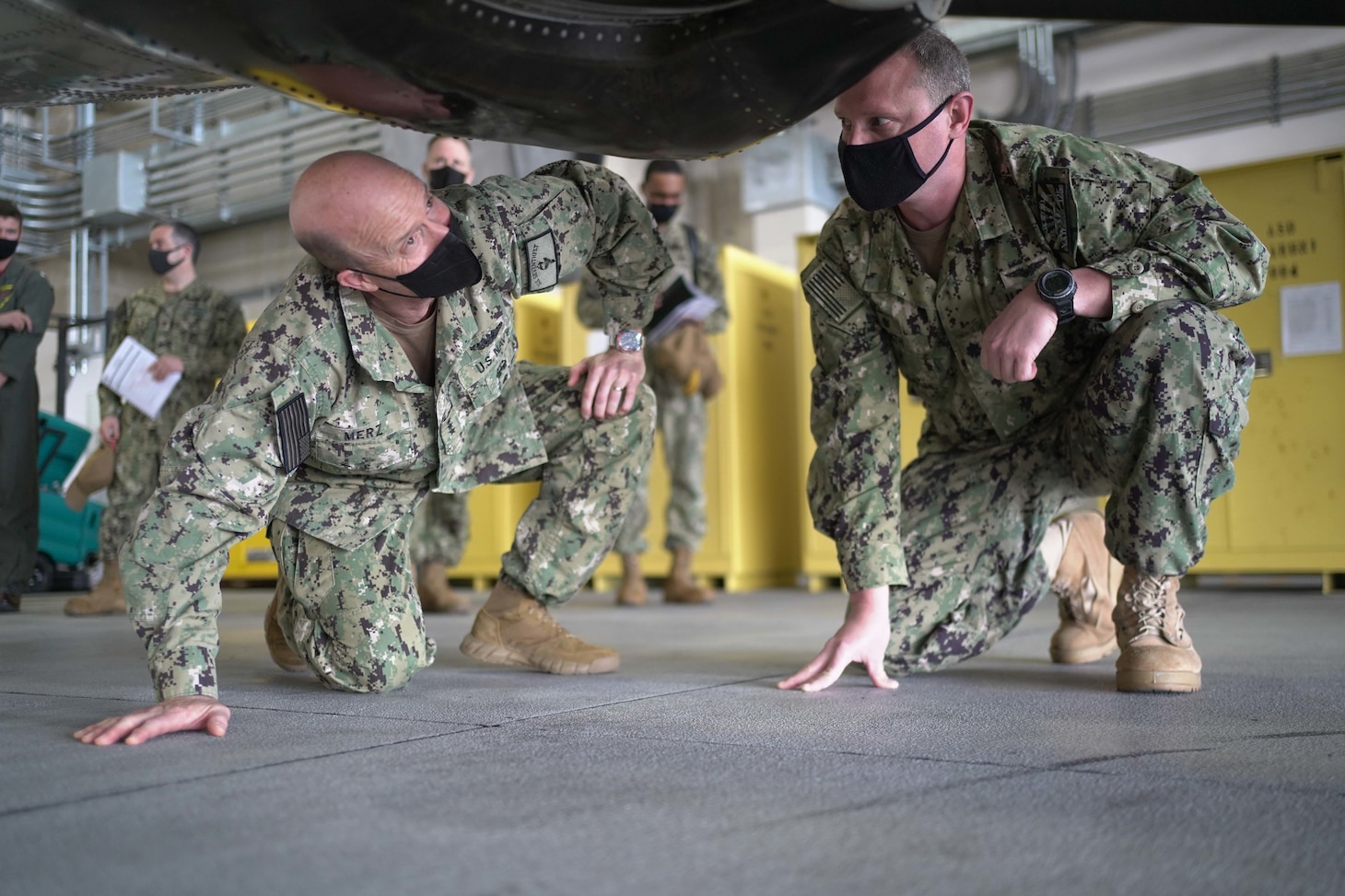 U.S. Navy Vice Admiral Bill Merz, left, commander of 7th Fleet, participates in a tour of MCAS Iwakuni, Japan, Apr. 1, 2021. Leadership made visits with squadrons that make up Carrier Air Wing (CVW) 5, including the "Tigertails" of Carrier Airborne Early Warning Squadron (VAW) 125 and the "Shadowhawks" of Electronic Attack Squadron (VAQ) 141, as well as other tenant commands. The purpose of the visit was to focus on engaging with the forward deployed naval forces that support the fleet.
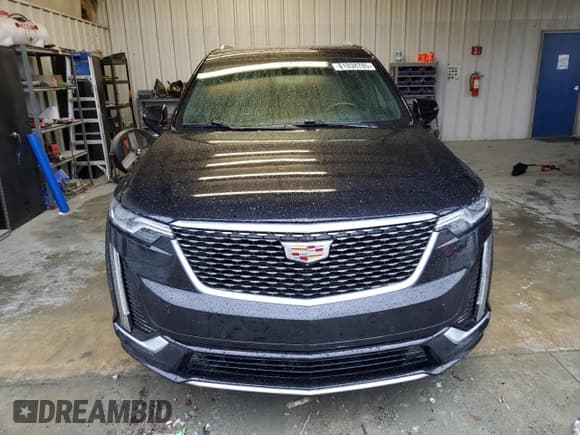 ✅ 2020 Cadillac XT6 FWD Premium Luxury • VIN: 1GYKPCRS4LZ154196 • Lot: 81938785. Wystawiony na Copart z przebiegiem 58 961 mil. Bezpłatny archiwum sprzedaży aukcyjnych z USA i szczegółowy raport historii pojazdu na DreamBid. Zdjęcie 5.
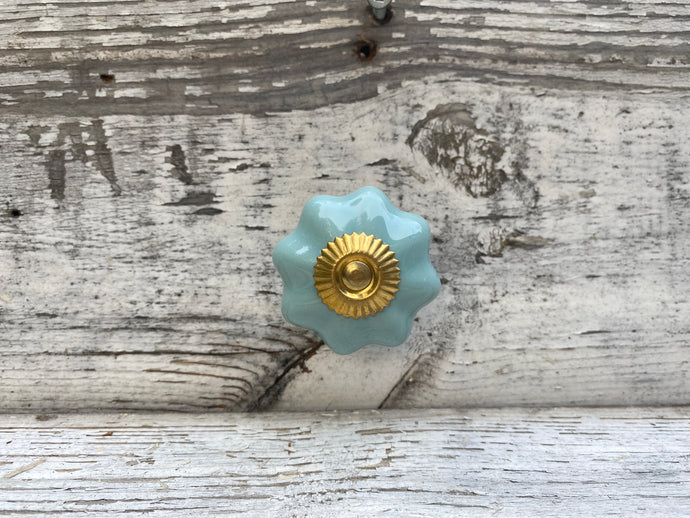 Teal and gold flower shaped knobs
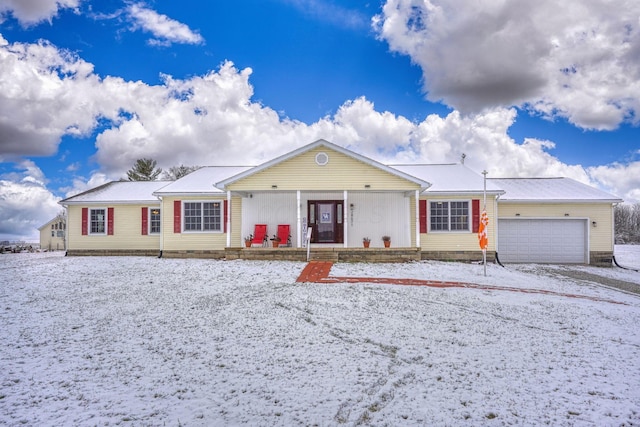 single story home featuring a porch and a garage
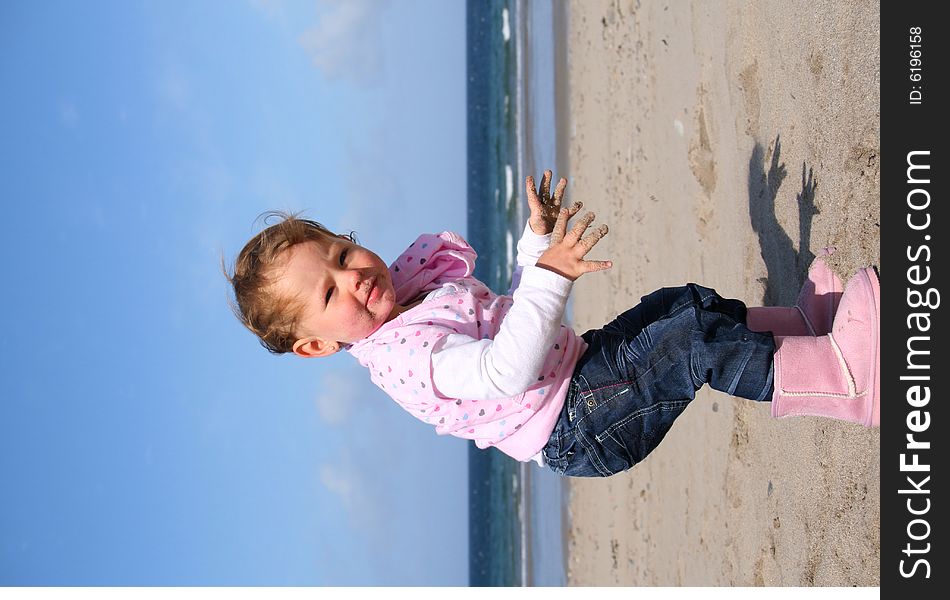 Little girl aged 18 months on the beach exploring the big new world. Little girl aged 18 months on the beach exploring the big new world.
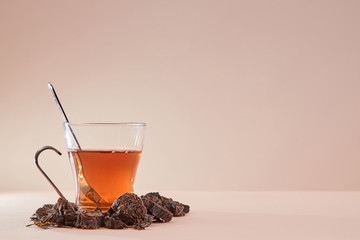 Cup made of glass filled with tea. Tea infusion around mug. Copy space. Pink background. Aromatic herbal tea concept
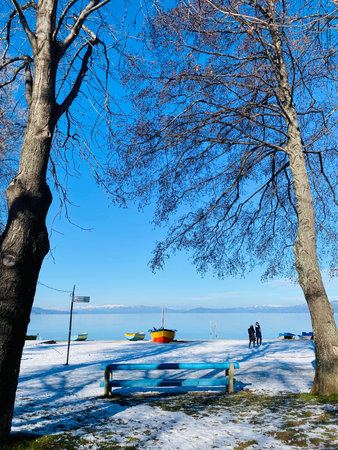 Ohrid lake, snow, sky and the town of Pogradec in Albania.の写真素材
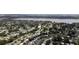 An aerial view showcases the property's location within a vibrant neighborhood near a lake at 10408 118Th Ave, Largo, FL 33773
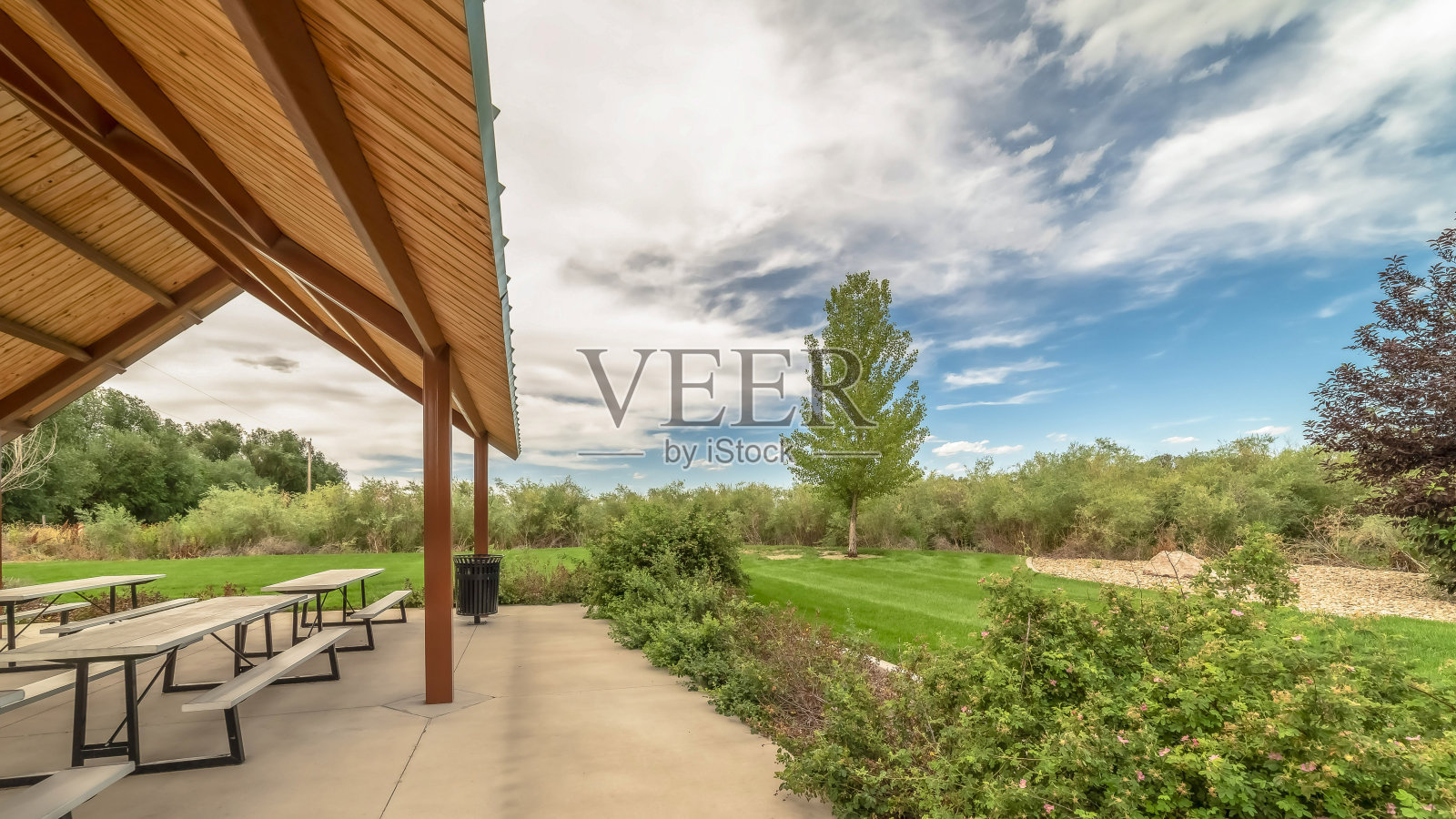 全景框架亭和用餐区在一个公园，云彩填充天空的背景照片摄影图片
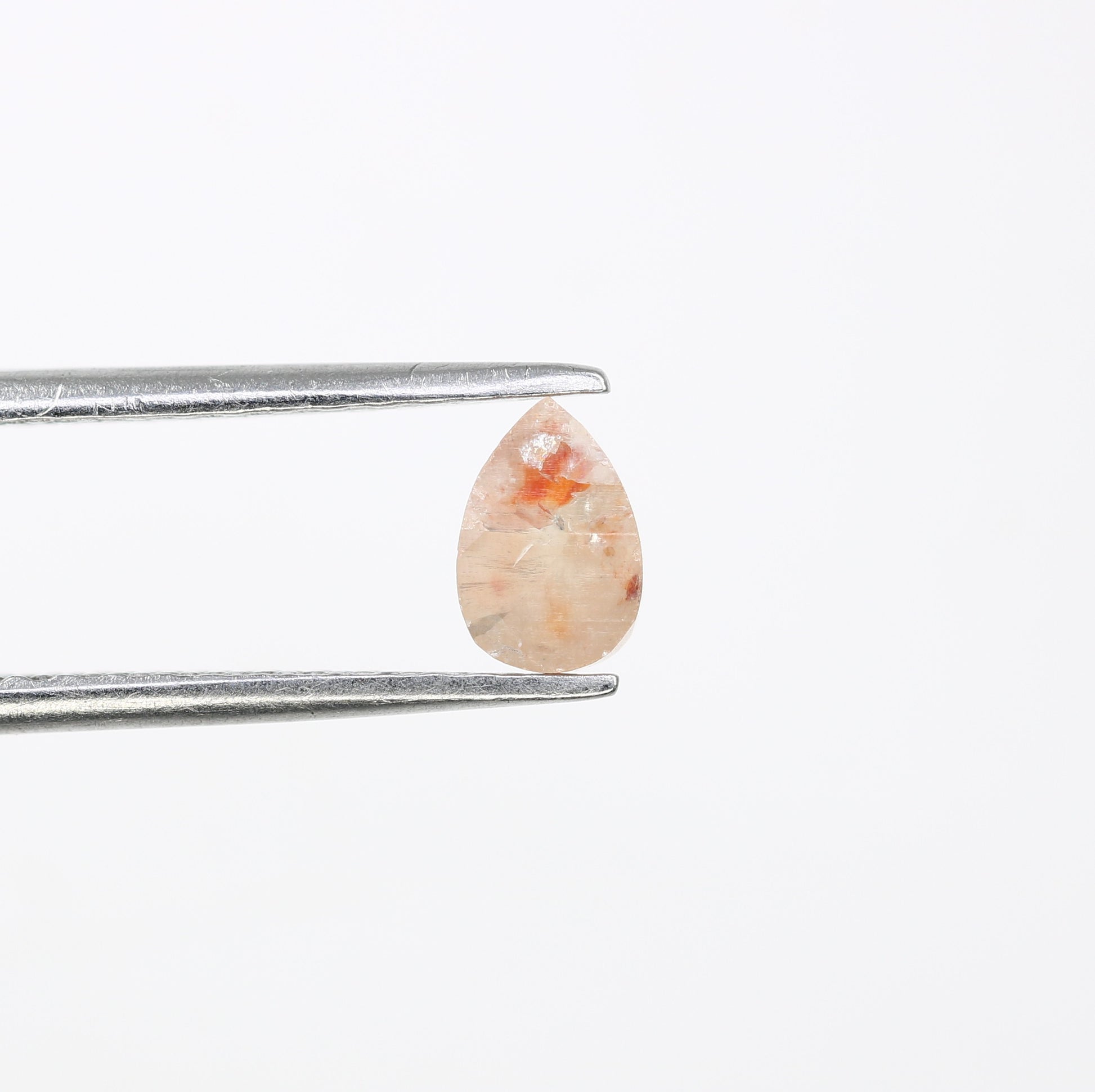 0.60 CT Natural Peach Pear Cut Diamond for a Stunning Engagement Ring: Unique Gemstone Jewelry - JayKrishna Diamond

•••••

Required work: The answer must be the lines above from the one containing "new world. Little" through the one containing "An aerial view", reproduced exactly, with no pictures and nothing else.

Your response:
 Little girl aged 18 months on the beach exploring the big new world. Little girl aged 18 months on the beach exploring the big new world.
 Cup made of glass filled with tea. Tea infusion around mug. Copy space. Pink background. Aromatic herbal tea concept
 Ohrid lake, snow, sky and the town of Pogradec in Albania.の写真素材
 An aerial view showcases the property's location within a vibrant neighborhood near a lake at 10408 118Th Ave, Largo, FL 33773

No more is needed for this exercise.